I think that Carl hits it on the head. A classification is a kind of informational domain constituted by a relation of satisfaction between tokens and types. But channel theory is most concerned with a certain kind of linkage /between/ these informational domains. Information flow occurs /between/ classifications. It could be a classification of people by their sexual inclinations and a classification of politicians by their qualities as political representatives. We might have a theory that a person who cannot be faithful to his wife (or who is careless enough to get caught in so public a way) will not be faithful to his constituents (or too careless to do it right).

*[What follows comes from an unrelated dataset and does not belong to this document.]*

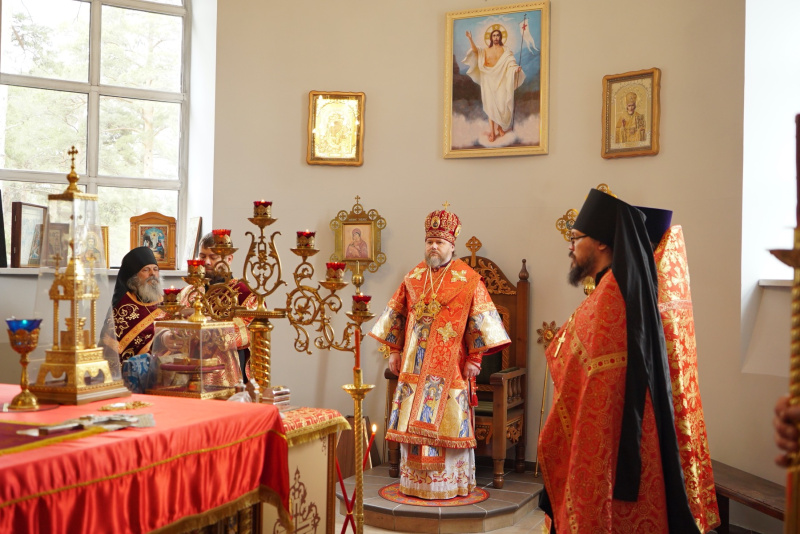 Накануне пятницы Светлой седмицы епископ Серафим совершил вечернее богослужение в храме Покрова Пресвятой Богородицы Свято-Макарьевской монашеской общины города Бийска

Of course, the theory is only supposed to hold when it is the same individual in question. That identity is the posited linkage between individuals in each classification. If it were a channel, then the core of this channel might be some (native, or scientific) theory of behavior.

What I would really like to do is present a few examples of how it is supposed to work. One common application in the literature is an application of channel theory to the ‘alignment’ of concepts or ontologies. A well-cited example in the (small-ish) literature on the theory is the construction of a theory bridging French and American ontological classifications of bodies of running water. The idea is basically that you might want to have a guide to translating between two ontologies, e.g. if x is a riviere then it is either a river or a stream. If it is a stream, it is a rivere, but if it is a river, then it is either a riviere or a fleuve. If it is a fleuve then it is a river. This in itself is not at all radical, but channel theory hopes to give a grounded information theoretical basis for exactly how one conceptual scheme can translate or carry information about the other. It is not enough that the types be linked in some way. This is more acutely seen when the issue one confronts is how to bridge two ontologies, without a sufficient basis for comparison (at the level of tokens). You might think that it can be done at the level of types via structural comparisons of some sort, but it doesn’t work out that well, at all.